EXERCISE DETAILS -
Reproduce exactly the lines that run from the start of the records below to the line with "Building Photo - 4806 S Lee Rd", inclusive.

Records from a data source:
= Beginning of Section =

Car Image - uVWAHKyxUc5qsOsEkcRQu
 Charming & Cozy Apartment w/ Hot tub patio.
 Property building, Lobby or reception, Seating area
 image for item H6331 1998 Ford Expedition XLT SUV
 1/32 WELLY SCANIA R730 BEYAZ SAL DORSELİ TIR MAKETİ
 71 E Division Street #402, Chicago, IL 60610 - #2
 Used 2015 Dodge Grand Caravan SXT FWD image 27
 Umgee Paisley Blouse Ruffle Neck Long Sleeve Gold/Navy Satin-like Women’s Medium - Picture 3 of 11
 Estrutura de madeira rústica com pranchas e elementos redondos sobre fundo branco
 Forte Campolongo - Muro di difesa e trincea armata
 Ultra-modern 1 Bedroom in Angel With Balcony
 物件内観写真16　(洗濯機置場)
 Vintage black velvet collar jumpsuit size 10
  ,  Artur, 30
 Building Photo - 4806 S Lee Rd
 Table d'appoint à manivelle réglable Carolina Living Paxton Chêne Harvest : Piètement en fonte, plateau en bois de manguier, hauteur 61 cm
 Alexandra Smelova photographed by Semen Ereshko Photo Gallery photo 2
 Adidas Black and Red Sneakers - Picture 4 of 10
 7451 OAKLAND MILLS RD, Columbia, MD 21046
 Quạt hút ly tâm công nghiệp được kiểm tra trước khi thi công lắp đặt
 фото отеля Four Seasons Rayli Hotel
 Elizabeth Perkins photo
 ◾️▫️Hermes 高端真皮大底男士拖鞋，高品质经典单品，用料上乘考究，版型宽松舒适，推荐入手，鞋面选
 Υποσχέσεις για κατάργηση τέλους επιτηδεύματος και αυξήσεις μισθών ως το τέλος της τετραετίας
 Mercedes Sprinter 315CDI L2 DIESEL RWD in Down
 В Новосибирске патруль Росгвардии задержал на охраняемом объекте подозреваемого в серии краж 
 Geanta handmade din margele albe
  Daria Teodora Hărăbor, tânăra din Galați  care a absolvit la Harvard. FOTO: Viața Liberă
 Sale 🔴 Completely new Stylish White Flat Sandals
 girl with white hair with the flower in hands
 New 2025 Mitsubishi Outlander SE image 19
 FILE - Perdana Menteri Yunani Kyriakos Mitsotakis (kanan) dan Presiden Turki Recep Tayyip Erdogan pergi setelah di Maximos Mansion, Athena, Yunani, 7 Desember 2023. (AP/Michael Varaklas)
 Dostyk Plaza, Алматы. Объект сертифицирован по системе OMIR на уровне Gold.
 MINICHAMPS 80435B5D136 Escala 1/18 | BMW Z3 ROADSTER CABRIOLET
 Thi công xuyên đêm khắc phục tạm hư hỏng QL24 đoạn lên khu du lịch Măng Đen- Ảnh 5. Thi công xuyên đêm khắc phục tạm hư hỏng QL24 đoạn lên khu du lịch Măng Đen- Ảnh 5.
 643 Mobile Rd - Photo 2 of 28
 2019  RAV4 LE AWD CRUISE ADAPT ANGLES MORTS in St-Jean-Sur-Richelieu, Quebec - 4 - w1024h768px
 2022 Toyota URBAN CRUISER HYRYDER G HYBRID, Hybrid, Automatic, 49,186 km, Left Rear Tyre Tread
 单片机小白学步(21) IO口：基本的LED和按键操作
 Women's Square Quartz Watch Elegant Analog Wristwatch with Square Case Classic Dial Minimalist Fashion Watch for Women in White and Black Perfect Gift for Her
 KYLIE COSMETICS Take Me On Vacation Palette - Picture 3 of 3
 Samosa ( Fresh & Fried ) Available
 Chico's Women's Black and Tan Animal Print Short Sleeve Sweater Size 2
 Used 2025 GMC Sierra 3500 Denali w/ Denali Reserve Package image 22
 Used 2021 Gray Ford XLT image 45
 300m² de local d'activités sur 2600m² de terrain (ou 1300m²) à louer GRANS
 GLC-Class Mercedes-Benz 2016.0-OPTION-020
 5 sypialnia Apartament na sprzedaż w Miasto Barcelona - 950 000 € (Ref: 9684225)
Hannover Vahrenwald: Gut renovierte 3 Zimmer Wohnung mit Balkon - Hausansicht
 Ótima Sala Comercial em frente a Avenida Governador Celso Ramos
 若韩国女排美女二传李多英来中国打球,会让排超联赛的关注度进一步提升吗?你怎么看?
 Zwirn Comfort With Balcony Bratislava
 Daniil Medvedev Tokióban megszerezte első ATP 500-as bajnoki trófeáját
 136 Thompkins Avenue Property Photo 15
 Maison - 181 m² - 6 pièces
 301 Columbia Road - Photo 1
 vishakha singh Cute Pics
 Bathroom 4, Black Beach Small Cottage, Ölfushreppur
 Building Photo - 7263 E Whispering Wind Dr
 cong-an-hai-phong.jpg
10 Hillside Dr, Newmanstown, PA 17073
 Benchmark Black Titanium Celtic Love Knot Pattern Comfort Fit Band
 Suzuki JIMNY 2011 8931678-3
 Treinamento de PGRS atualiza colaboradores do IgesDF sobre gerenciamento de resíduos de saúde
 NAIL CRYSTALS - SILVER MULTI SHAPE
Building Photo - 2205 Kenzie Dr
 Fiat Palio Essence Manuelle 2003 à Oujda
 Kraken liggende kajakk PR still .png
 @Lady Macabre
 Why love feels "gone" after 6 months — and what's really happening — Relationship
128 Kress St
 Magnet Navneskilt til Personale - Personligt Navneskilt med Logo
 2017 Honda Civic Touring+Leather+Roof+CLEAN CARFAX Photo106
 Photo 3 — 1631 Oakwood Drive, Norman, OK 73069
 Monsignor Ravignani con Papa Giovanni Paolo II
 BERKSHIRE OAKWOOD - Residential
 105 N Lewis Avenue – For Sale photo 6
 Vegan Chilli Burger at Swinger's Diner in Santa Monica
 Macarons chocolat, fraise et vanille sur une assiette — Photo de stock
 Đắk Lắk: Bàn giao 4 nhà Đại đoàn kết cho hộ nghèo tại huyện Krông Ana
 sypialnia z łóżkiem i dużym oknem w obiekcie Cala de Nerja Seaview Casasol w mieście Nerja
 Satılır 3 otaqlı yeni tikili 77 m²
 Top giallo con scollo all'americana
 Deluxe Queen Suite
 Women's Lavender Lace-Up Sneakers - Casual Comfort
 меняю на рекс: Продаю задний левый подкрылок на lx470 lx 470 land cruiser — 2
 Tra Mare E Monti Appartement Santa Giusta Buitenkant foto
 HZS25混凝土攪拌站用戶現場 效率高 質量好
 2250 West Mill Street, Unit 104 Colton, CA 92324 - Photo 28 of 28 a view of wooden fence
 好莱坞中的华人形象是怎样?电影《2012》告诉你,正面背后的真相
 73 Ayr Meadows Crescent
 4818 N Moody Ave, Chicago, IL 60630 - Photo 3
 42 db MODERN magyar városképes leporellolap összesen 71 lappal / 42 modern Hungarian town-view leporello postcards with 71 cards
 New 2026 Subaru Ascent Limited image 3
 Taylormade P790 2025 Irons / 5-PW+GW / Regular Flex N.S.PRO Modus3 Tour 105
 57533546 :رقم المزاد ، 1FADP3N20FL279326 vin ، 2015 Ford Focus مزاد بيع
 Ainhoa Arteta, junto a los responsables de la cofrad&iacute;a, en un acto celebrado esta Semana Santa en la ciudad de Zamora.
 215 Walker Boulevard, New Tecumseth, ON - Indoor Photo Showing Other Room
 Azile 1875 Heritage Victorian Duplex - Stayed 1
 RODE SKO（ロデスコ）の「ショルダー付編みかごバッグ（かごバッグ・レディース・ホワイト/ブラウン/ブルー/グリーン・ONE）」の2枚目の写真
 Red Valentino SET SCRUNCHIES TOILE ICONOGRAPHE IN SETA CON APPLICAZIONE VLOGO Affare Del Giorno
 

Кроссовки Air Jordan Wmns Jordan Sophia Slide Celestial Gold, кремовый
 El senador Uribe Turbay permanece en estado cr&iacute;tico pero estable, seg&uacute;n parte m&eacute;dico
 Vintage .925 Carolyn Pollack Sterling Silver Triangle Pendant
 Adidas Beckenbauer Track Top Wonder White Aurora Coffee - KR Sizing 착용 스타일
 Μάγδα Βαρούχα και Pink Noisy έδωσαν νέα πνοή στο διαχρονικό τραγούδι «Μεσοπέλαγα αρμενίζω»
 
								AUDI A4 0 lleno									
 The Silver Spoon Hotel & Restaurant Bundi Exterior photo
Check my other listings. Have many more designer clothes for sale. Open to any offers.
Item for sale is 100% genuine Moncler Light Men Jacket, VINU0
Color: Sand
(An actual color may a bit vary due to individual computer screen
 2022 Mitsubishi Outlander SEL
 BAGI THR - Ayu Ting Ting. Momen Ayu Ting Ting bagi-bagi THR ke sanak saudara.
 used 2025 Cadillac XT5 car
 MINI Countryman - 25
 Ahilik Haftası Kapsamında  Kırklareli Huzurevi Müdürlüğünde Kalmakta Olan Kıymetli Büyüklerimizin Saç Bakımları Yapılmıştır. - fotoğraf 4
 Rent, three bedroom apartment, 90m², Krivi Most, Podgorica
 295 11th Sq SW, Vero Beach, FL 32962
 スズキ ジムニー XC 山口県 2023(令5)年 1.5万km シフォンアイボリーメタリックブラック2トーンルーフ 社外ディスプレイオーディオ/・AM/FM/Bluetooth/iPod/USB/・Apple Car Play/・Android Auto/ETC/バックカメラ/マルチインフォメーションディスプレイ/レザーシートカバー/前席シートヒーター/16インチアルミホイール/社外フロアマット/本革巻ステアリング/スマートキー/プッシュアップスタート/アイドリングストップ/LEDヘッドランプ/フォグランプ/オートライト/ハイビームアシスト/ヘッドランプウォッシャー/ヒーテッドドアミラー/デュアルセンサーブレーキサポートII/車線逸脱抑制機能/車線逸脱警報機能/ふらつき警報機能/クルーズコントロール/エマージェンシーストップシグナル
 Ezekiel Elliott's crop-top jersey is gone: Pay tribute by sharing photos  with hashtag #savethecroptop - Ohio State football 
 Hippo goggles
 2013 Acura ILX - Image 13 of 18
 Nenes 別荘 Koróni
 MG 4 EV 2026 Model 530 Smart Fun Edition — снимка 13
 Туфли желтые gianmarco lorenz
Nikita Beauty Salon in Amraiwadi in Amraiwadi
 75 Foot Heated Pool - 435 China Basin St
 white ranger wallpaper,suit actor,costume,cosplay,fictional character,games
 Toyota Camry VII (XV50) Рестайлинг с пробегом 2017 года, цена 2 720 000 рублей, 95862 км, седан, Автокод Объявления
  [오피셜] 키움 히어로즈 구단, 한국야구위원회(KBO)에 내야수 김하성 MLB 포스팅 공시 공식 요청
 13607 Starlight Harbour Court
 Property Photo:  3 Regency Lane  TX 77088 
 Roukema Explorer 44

= End of Section =

ANSWER SPACE -
Car Image - uVWAHKyxUc5qsOsEkcRQu
 Charming & Cozy Apartment w/ Hot tub patio.
 Property building, Lobby or reception, Seating area
 image for item H6331 1998 Ford Expedition XLT SUV
 1/32 WELLY SCANIA R730 BEYAZ SAL DORSELİ TIR MAKETİ
 71 E Division Street #402, Chicago, IL 60610 - #2
 Used 2015 Dodge Grand Caravan SXT FWD image 27
 Umgee Paisley Blouse Ruffle Neck Long Sleeve Gold/Navy Satin-like Women’s Medium - Picture 3 of 11
 Estrutura de madeira rústica com pranchas e elementos redondos sobre fundo branco
 Forte Campolongo - Muro di difesa e trincea armata
 Ultra-modern 1 Bedroom in Angel With Balcony
 物件内観写真16　(洗濯機置場)
 Vintage black velvet collar jumpsuit size 10
  ,  Artur, 30
 Building Photo - 4806 S Lee Rd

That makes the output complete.